County engineers were already beginning the process of such updates when word of HB 280 came across their desks, according to Izzo.
Under the county’s proposed changes for HB 280, subdivisions with 16 or fewer lots would be subject to the state roadway standards, but the recommendations include a provision to specifically authorize the county to administer the bonding, review and inspection process, to collect fees for that work, and to use county bonding standards.
County bonding standards for roadways are substantially higher than state standards, requiring 125 percent of the cost of the project as a bond, whereas the state requires just 10 percent and New Castle County only 30 percent. Outgoing Council President Dale Dukes (D-1st) said on Jan. 8 that the reasoning for the county’s high bond percentage is for such case as a developer might simply walk away from an unfinished or poorly constructed project.

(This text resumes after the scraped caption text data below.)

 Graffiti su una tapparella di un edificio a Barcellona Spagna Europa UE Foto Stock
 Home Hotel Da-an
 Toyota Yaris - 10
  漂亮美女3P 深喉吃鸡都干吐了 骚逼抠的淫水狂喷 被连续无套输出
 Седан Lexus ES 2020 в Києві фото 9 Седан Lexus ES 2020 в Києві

County Solicitor Jim Griffin noted Jan. 8 that a major flaw in HB 280, from the county’s perspective, is that the legislation puts the responsibility for administering the new requirements on the county but does not authorize it to collect fees and other costs associated with the review and inspection process.

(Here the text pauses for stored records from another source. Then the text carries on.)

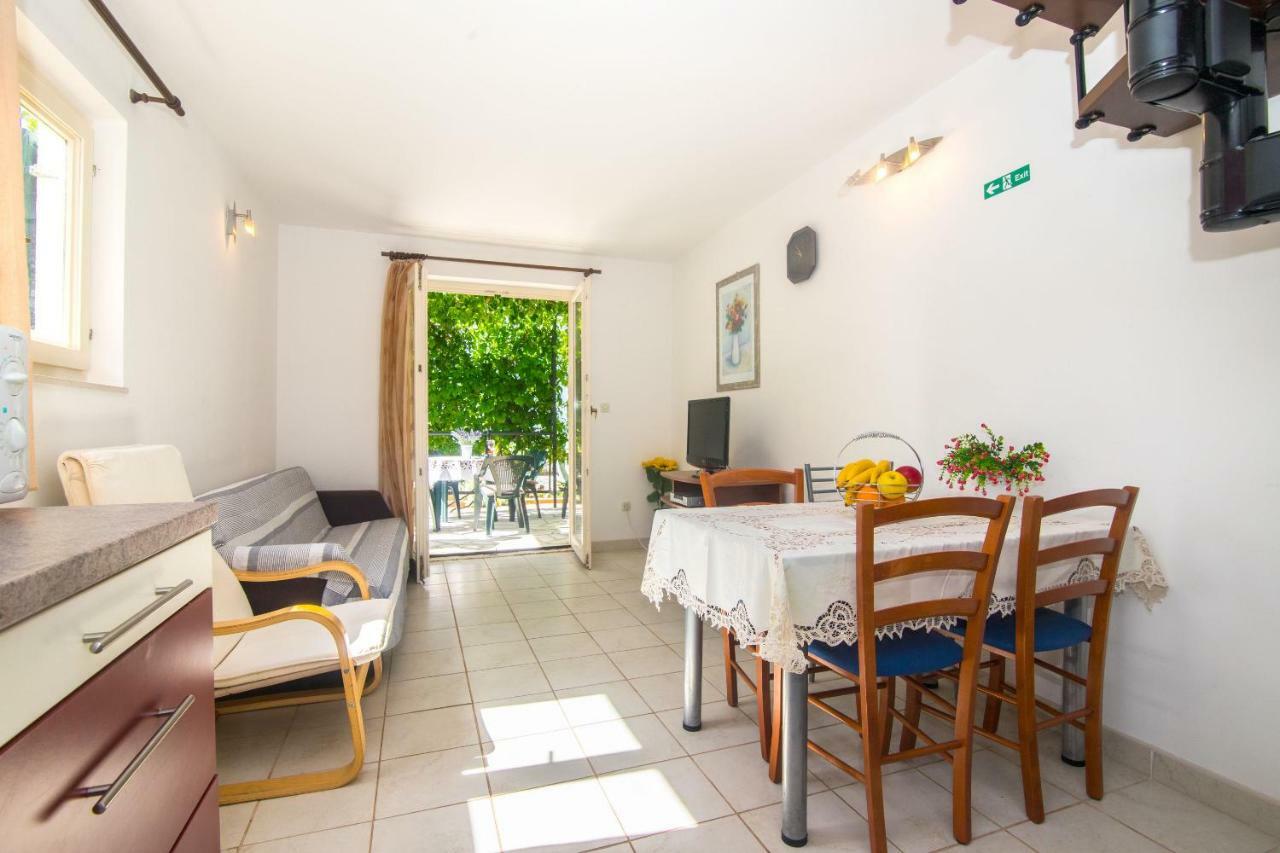 Apartment Josipa Vinišće Esterno foto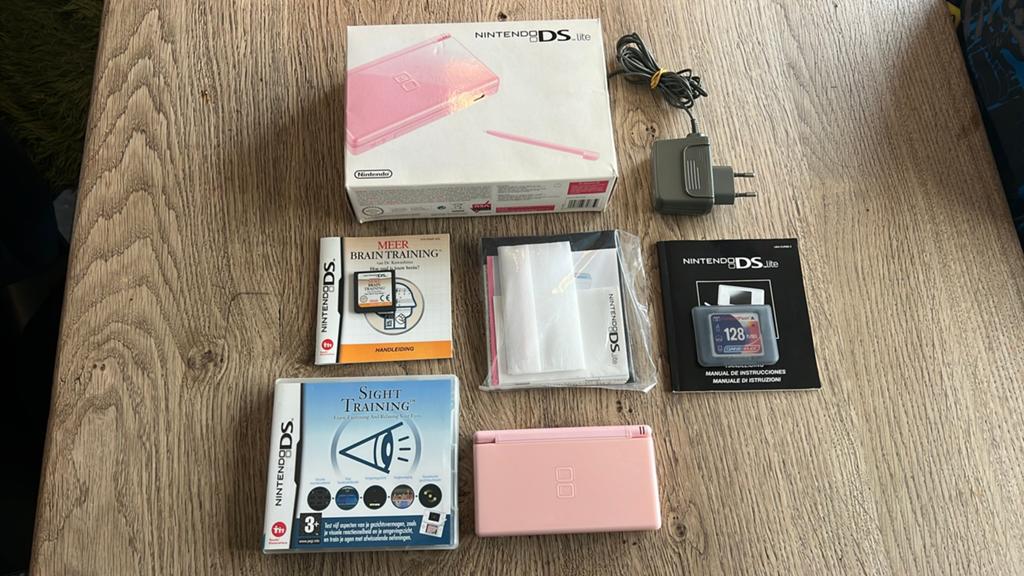 Nintendo DS rose met toebehoren, Games en Spelcomputers, Ophalen, Gebruikt
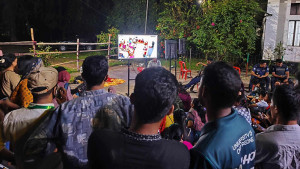 সবার চোখ এলইডি স্ক্রিনে, প্রার্থী সমর্থক ও ভোটারদের অপেক্ষা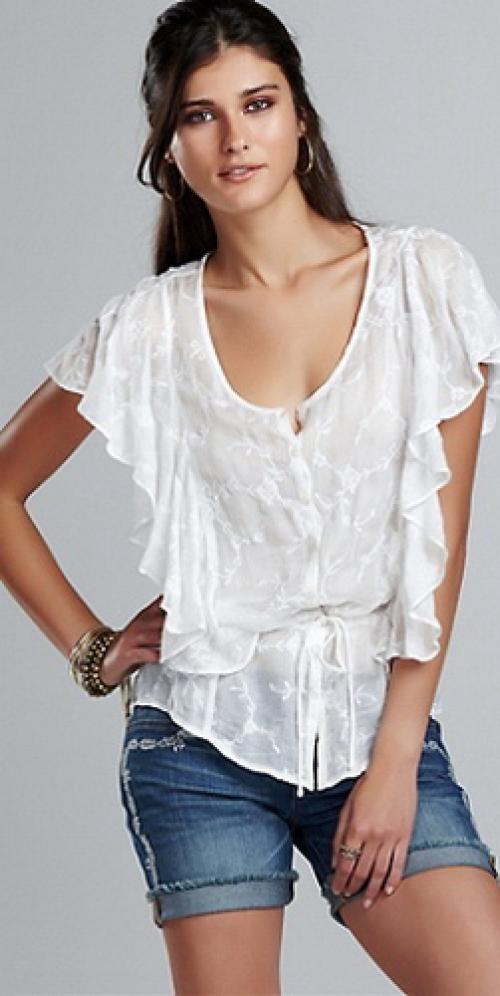 С чем носить бежевую кружевную блузку. С чем носить кружевные блузки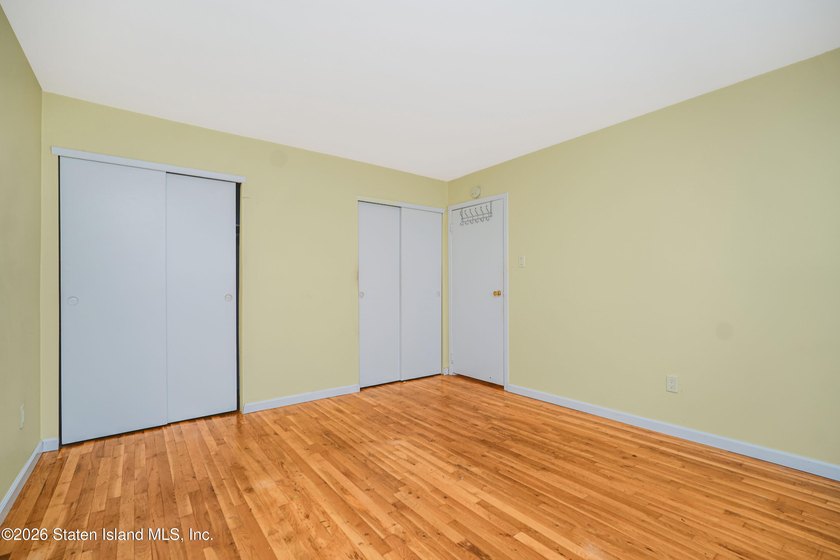 Extra large 2 family high ranch located in the desirable New - photo 42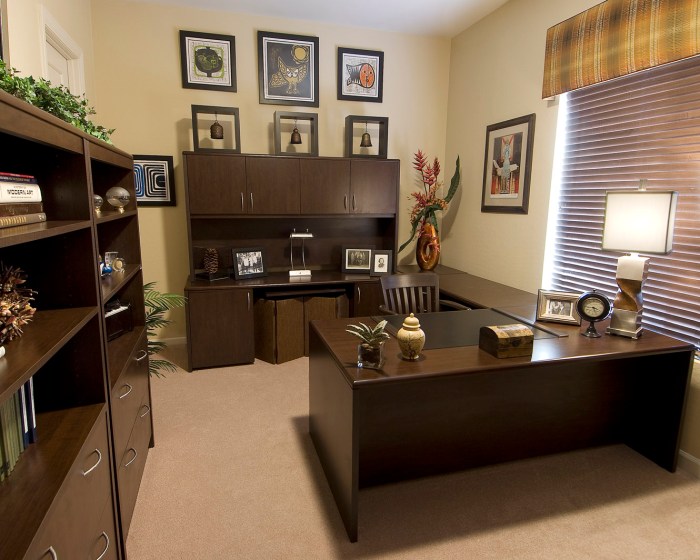 How to decorate a living room office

Izzo said the county engineers were already used to doing such work, whereas the state does not have the staff to do this at this time. And he suggested the county could simply develop appropriate standards for roads in areas where the state has no such standards, without conflicting with state requirements or lessening the quality of the roadways.

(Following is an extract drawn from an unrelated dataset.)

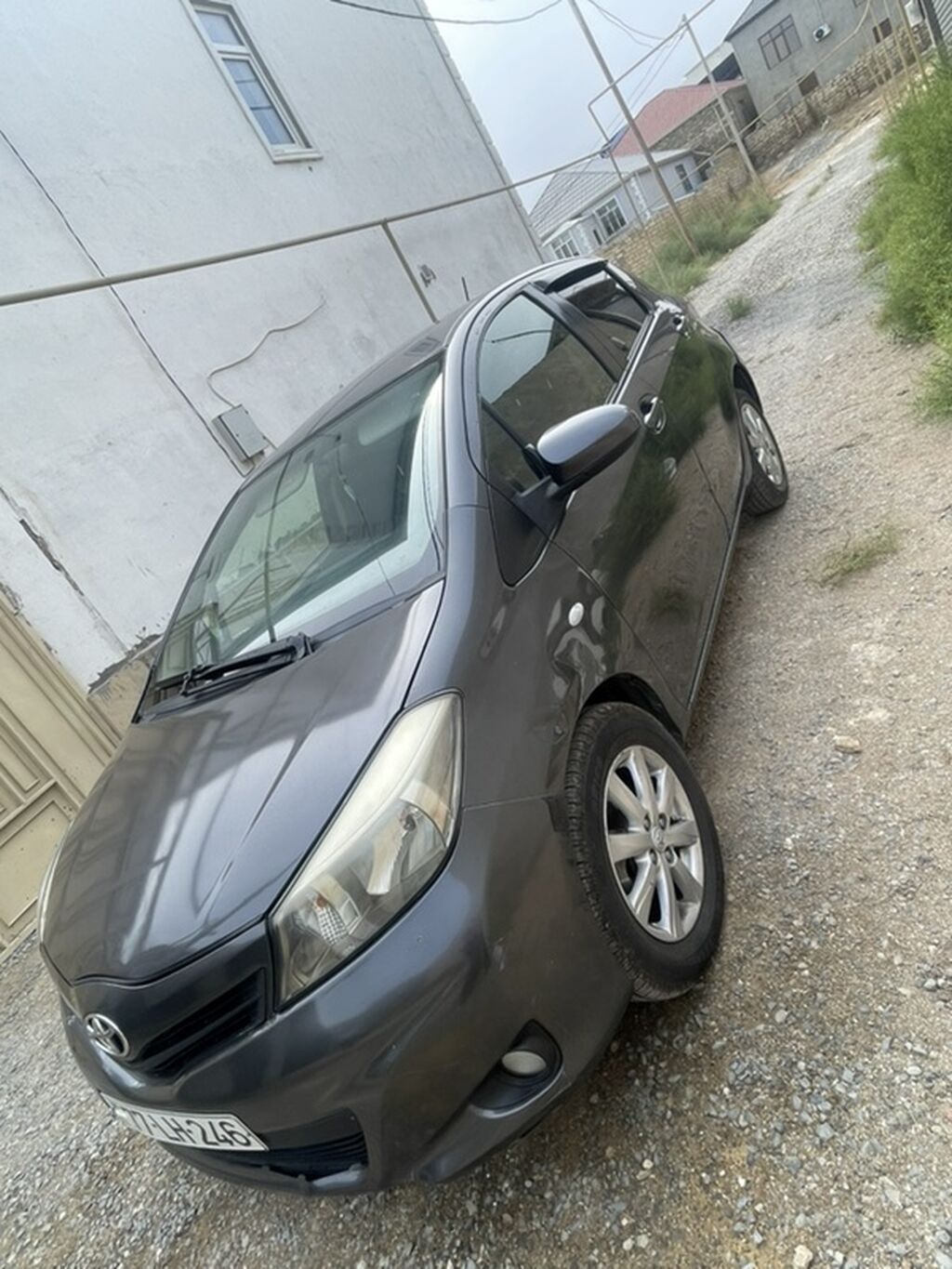 Toyota Yaris hatchback - Kuzov: 5 qapılı hatchback, tünd boz rəng — Avto, Bakı (2)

In discussing the recommended changes to HB 280, council members focused on Izzo’s statement that county engineers had been ready to get started on updating the county’s own standards.
“We had planned to do that and were on track to do so when this came up,” Izzo said.
Councilman George Cole (R-4th) recommended that such being the case, the county simply go ahead and update the standards to meet or beat the state standards and not worry about HB 280.
But Izzo said the full set of state standards — including drainage and other related issues — could pose a problem for the county if it focused simply on updating its own road construction standards.
Griffin said the origin of HB 280 was likely in complaints from property owners about being required to foot the bill for reconstructing their private roads to state standards when the roads were due to be dedicated to public use – usually years after a developer has turned them over to home owners.
County Administrator David Baker recommended the council provide input to Hocker for possible amendments to HB 280, as he had been told it was a high priority for some state representatives.
New Council President Finley Jones (D-2nd) pointed to what might be behind at least of the push, saying that it seemed to be reflecting a draw on municipal street aid funds controlled by coastal legislators, with funds falling short at times. Jones said required improvements to roads in some private communities were pushing property owners to look for someone else to foot the bill, increasing the draw on legislators’ allocations.
Council members were solidly in favor of updating the county’s own standards for road construction on Tuesday, but hedged their bets with the recommended set of amendments and exemptions from the county’s engineers, which were to be forwarded to Hocker for consideration as HB 280 returns to legislators’ attention this session.